On April 27, 1981, a Catholic School was opened on Midlake Boulevard. This was named Mother Teresa School (now St. Teresa of Calcutta School) in honour of Mother Teresa and her community who have devoted their lives working with the poor and outcasts of the world. She began in India, the country that gave Midnapore its name. With the opening of the Catholic School, St. Patrick’s parish-pioneers decided that this was where they should worship and the first 11am Mass was celebrated there on July 5, 1981.


Membership continued to increase at St. Patrick’s, so the next move was for the 9 a.m. Mass to commence in the School on March 7, 1982. Saturday Mass continued on in the Church. Not only St. Patrick’s was suffering growing pains. At this time Midlands United Church was in need of worship space for their new members. It was decided to rent the St. Patrick’s church to them for this purpose. They continued there until they too outgrew the church and moved into the gymnasium at the Elementary School. St. Paul’s Anglican Parish were having a problem with the increase in their congregation too, so they took over St. Patrick’s for their morning services and continued there until they had renovated their parish hall to accommodate the people. All Saints Lutheran also made use of the Church for services.
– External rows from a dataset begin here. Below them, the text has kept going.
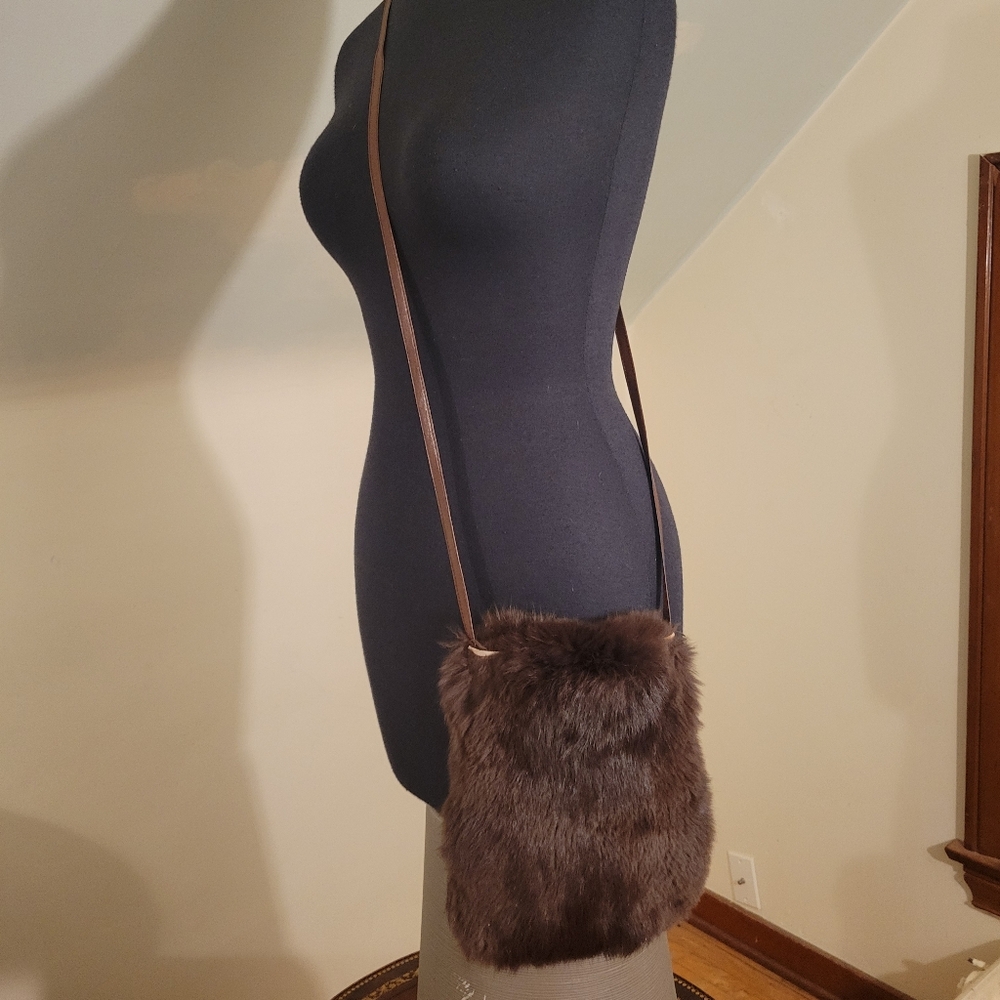Rabbit Fur Crossbody Purse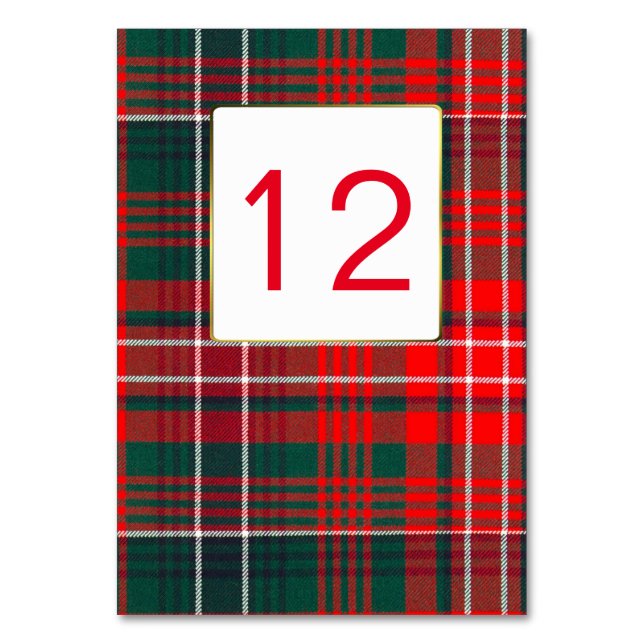 Clan Wilson Mariage Plaid Numéro de table (Par défaut)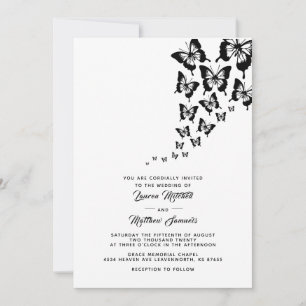 Uitnodiging voor Black Butterfly Wedding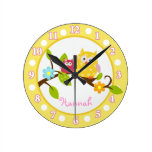 Happy Tree Owls Yellow and Pink Nursery clock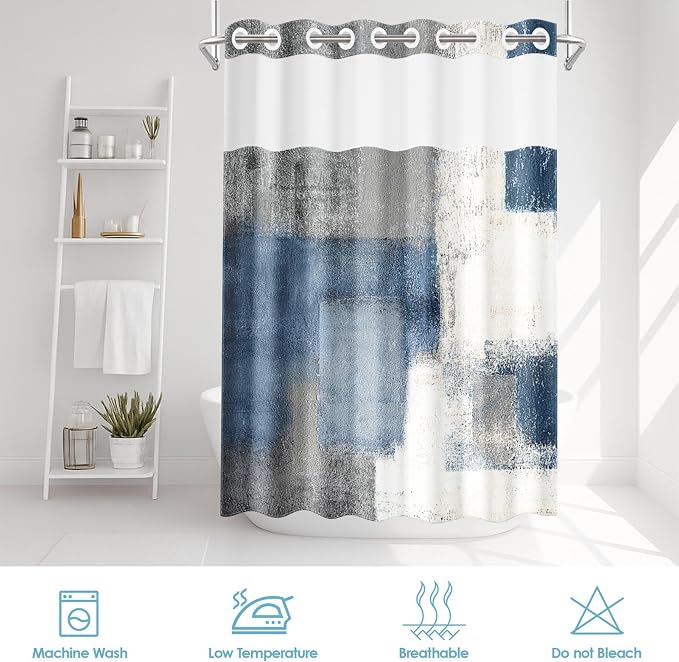 No Hook Blue Grey Painting Shower Curtain - Image 7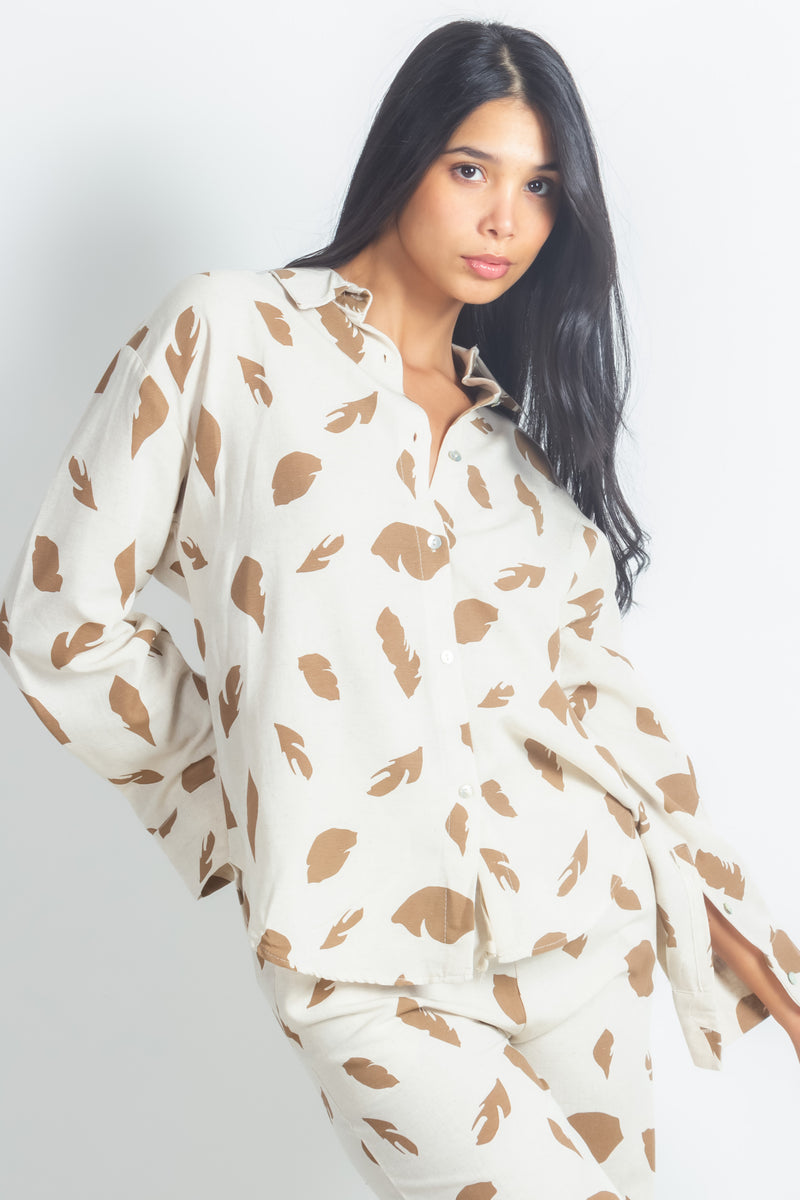 PRINTED LINEN SHIRT SET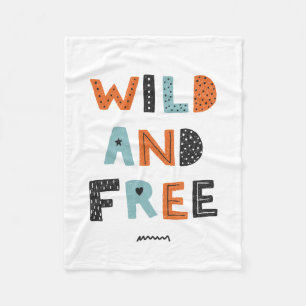 Wild und frei   Doodle Letters Fleecedecke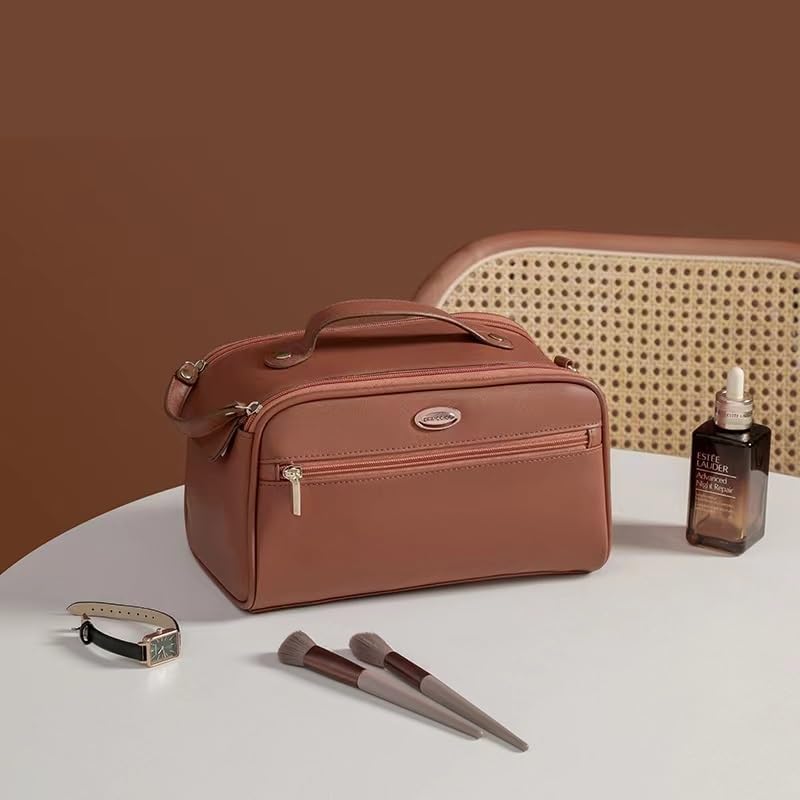 PU Leather Double Zipper Makeup Bag - Waterproof Travel Cosmetic Case for Women | Perfect for Travel & Daily Use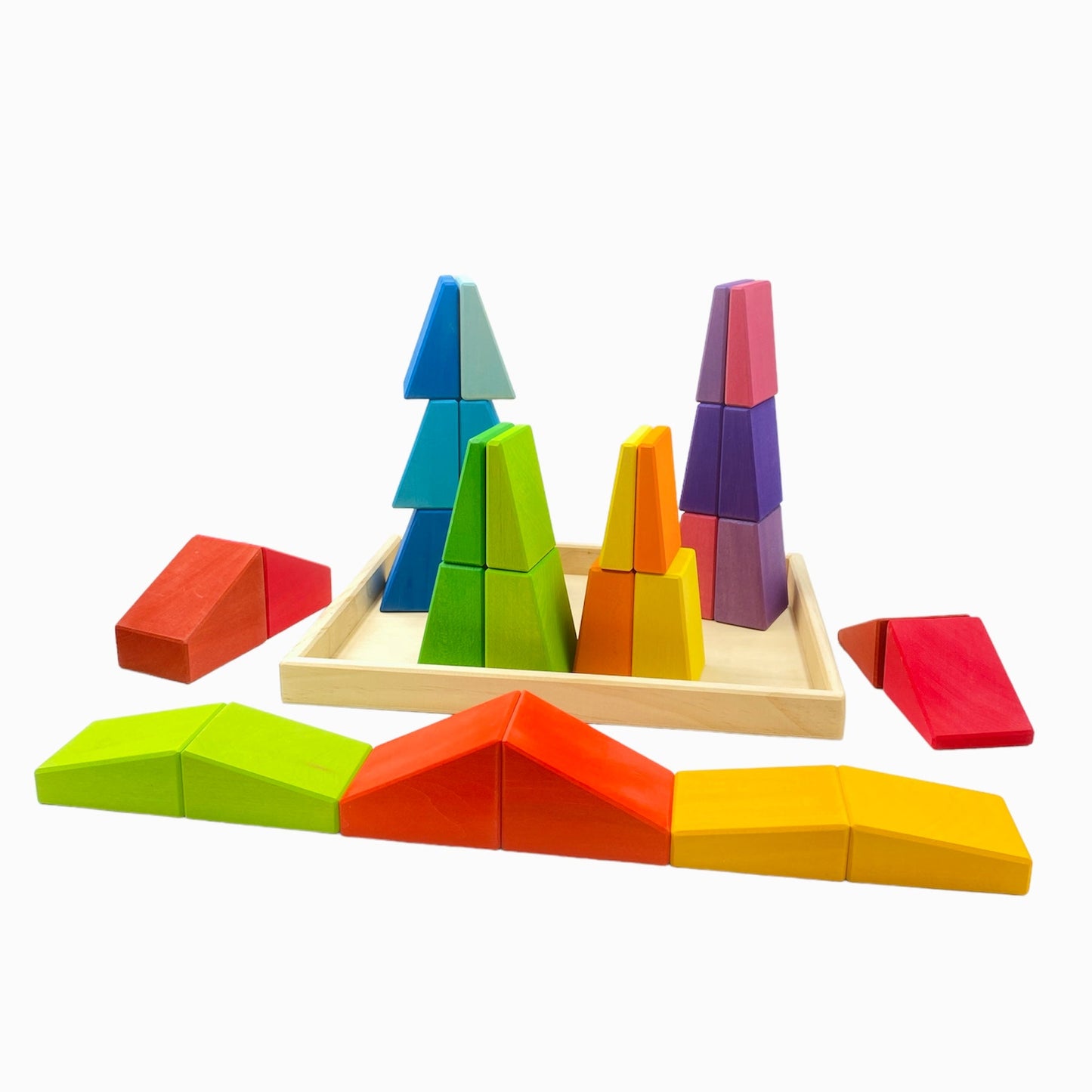 **Pre-order (Ships in 2-3 Weeks)**30 Pcs Stained Wooden Sloping Blocks – Primary Rainbow Colors with Storage Tray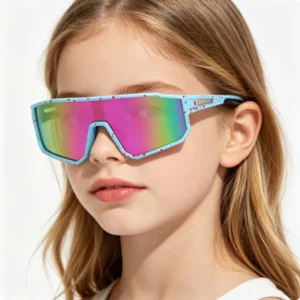 Children’s One-Piece Polarized Sports Sunglasses, UV400, Colorful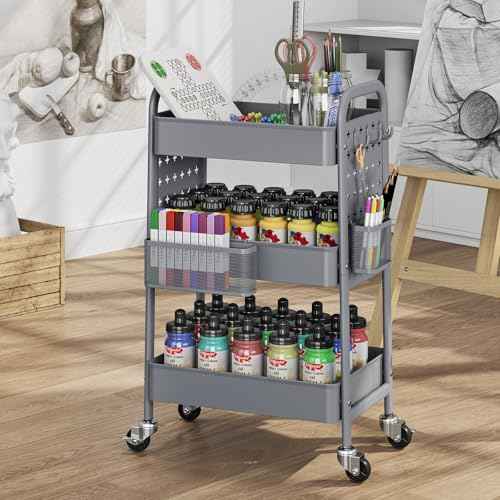 TOOLF Metal Rolling Storage Cart, 3-Tier Utility Mobile Cart with DIY Pegboards, Serving Trolley Cart with Baskets Hooks, for Kitchen, Bathroom, Office, Home, Classroom (Dark Grey)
Plans for the sale of St. Patrick’s property did not materialize. However, under the guidance of Bishop, Paul O’Byrne, we were given permission to build a new church, aided by Diocesan Funds. At a general meeting of the congregation on January 13, 1982, Mr. Enrique Fernandez, an architect, presented blue prints and a model of the new church, which were approved by the parishioners present at the meeting. The sod was turned on August 31, 1982. First services in the new St. Patrick’s Church situated on Shawnessy Boulevard, were held on the Feast Of Pentecost, May 21/22, 1983.


Much of the church furnishing costs were aided by donations from parishioners. Social affairs, dances, a harvest supper, a walkathon and a raffle of the old rectory, purchased in 1976, kept providing funds. The tabernacle, a gift from the altar servers, was purchased from old St. Mary’s Church, Cochrane with money the servers raised from bottle drives and car washes. The Stations of the Cross came from an old Church in Scotland. The hand-chipped prism window of Christ the King came from the workshop of Andre Rault, Rhiems, France. Clay removed from excavations in Midnapore was used in the moulding of chalices, patens, candleholders, holy water fonts and large ornamental vases. The large “rose” window at the entrance of the Church was designed and constructed by Irene Scott, a parishioner. The stained glass windows at the back of the church tell the life story of St. Patrick, who converted pagan Ireland to Christianity. The money for this was raised by annual St. Patrick’s dances and by generous parishioners.


Dedication of the new Church by Bishop Paul O’Byrne was on Sunday, September 4, 1983, almost 79 years after the dedication date of the original St. Patrick’s Church, on September 11, 1904. Present for the Blessing were some people with direct links to the founding families: Mrs. Marshall, daughter of Patrick Glenn who donated the original land on which St. Patrick’s was first built, and Albert McKevitt who was present at the opening of “old” St. Patrick’s.


The parish was left with a debt of approximately $700,000 for the capital construction and cost of servicing the land the Church occupies. The Knights of Columbus – Father Albert Newman Council #8470 was instrumental in paying down much of the debt through fund raisers and bingos. First the mortgage was paid off and then the loan from the diocese was finally paid off in 1995.


“Buried” behind the consecration stone of the Church is a time capsule containing items of historical interest: Coins dating back to 1904 and to 1983; Old photographs of early families and members of St. Patrick’s; Old photographs of Midnapore and St. Patrick’s; A census of all known Catholic families in the parish as of August 1983; Photographs of the opening of the new Church on Pentecost Sunday, May 21/22, 1983; Photographs of the First Communion Class of 1983; A complete history of the diocese of Calgary; Newspaper articles about “old” and “new” St. Patrick’s; A videotape of the last Mass in old St. Patrick’s and one of the first Mass in the new Church and other memorabilia. It was proposed at that time that future generations may like to open the time capsule either on the occasion of the twenty-fifth anniversary of the new church, or on the centenary of the old, Church.


In 1983 when St. Patrick’s was dedicated, parishioners looked across the street to wheat fields and a view of the mountains. Now, St. Patrick’s is no longer at the edge of the city. It continues to be one of the fastest growing parishes in the diocese. The continuous construction of new homes is filling the existing and new suburbs, with a resultant growth in the Catholic population, which needs to be served by the parish. A building fund has been established for an expansion of church facilities to provide more seating. St. Patrick’s is both an “old” parish, which is proud of its heritage and a “young” Spirit-filled parish with children in every pew. It is filled with memories of the past and hope for the challenging future.